Mengutip laman ICOM, di seluruh dunia, semakin banyak museum berpartisipasi pada Hari Museum Internasional. Pada 2019, terdapat lebih dari 37.000 museum di 158 negara berpartisipasi dengan membuat acara.
Pada 18 Mei 2020, ICOM memilih tema ”Museum untuk Kesetaraan: Keanekaragaman dan Inklusi” guna merayakan Hari Museum Internasional. Tema ini diharapkan menjadi titik temu untuk merayakan keragaman perspektif yang membentuk komunitas museum.
Nevine mengatakan, dengan tema museum untuk kesetaraan berarti pengelolaan sebuah museum harus bisa menciptakan pengalaman ruang bagi pengunjung. Dengan demikian, siapa pun pengunjung bisa menikmati seluruh informasi.
Pengelolaan yang inklusif, lanjut dia, berarti harus memperhitungkan pengunjung disabilitas. Tata letak sampai penyajian informasi atas artefak dapat menggunakan pendekatan multisensorik, cetak tiga dimensi, dan audiovisual.
Nevine lantas mencontohkan Museum Tactile Antique and Modern Painting yang mereplikasi lukisan dari zaman Renaissance ke wujud cetak tiga dimensi. Pengunjung tunanetra jadi bisa ikut menyentuh karya. Pengunjung lain pun jadi punya pengalaman baru.

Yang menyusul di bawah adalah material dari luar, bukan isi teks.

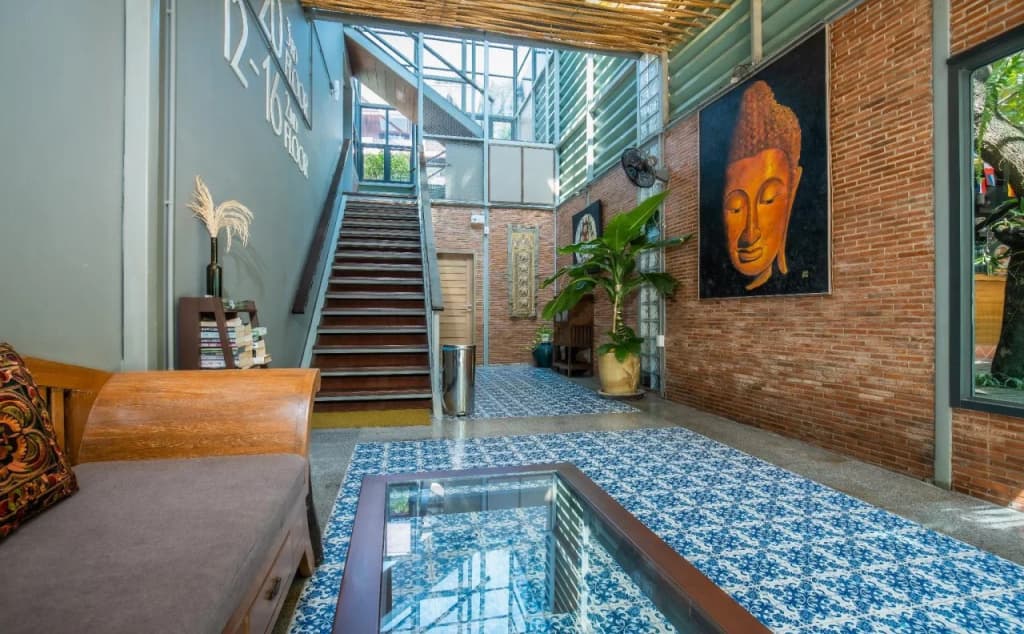 Kata Tranquil Villa - photo 13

Ketua Asosiasi Museum Indonesia DKI Jakarta Yiyok T Herlambang berpendapat tentang pentingnya mengelola museum tanpa ada bias pengunjung. Salah satu caranya adalah memperkuat program atau konten.
”Museum sebagai institusi budaya seyogianya memang dikelola menyerupai wisata MICE atau pertemuan, insentif, konferensi, dan acara. Setiap pengembangan kontennya harus dikaji. Pihak pengelola dapat bekerja sama dengan akademisi dan komunitas,” kata Yiyok.

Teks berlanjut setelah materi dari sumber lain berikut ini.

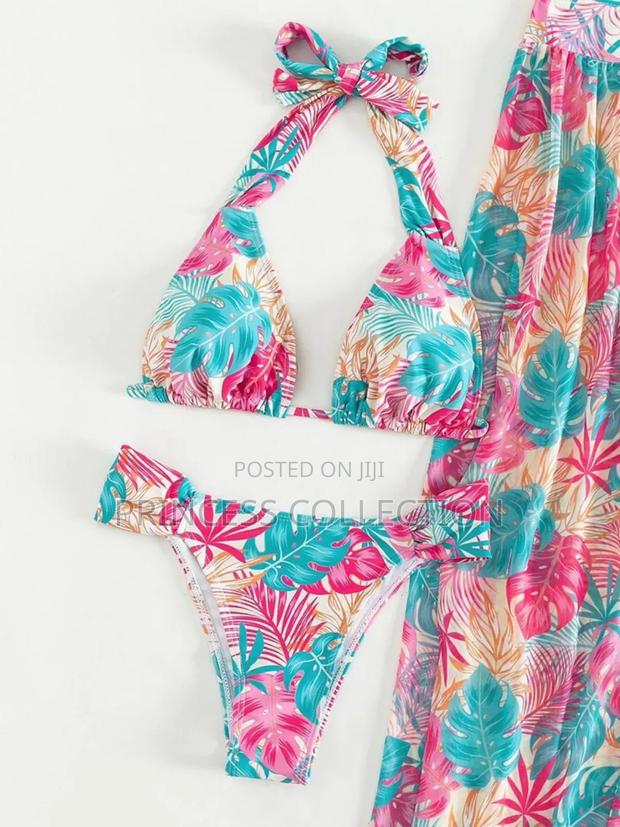 Swimming Costume - thumbnail 5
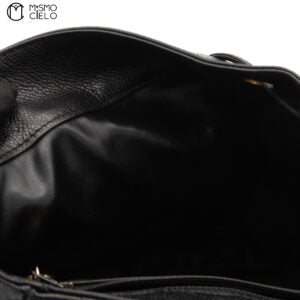 Caviar Skin Matelasse Backpack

Sementara itu, Direktur Jenderal Kebudayaan Kementerian Pendidikan dan Kebudayaan Hilmar Farid mengatakan, salah satu pekerjaan rumah museum - museum di Indonesia adalah kompetensi sumber daya manusia. Kecakapan sumber daya manusia bisa membangun sistem permuseuman menjadi profesional.
”Jadi, akan ada peningkatan kapasitas besar-besaran yang melibatkan pihak luar untuk tugas dan fungsi yang belum bisa ditangani dari dalam,” ujar Hilmar.
Terkait kelembagaan, dia mengaku, sudah beberapa tahun terakhir pemerintah mendorong pengelolaan museum menjadi lebih profesional. Salah satunya adalah ide mendorong Museum Nasional bertransformasi menjadi badan layanan umum (BLU). Ketika menjadi BLU, maka museum bisa merekrut tenaga profesional dan leluasa mencari profit yang dikembalikan lagi untuk kebutuhan museum.
”Pembahasan soal BLU sudah masuk tahap final. Museum Nasional sudah menyiapkan kajian lengkap beserta rencana ke depan. Kami segera akan membahas secara detail dengan Kementerian Pendayagunaan Aparatur Negara dan Reformasi Birokrasi serta Kementerian Keuangan,” ucap Hilmar.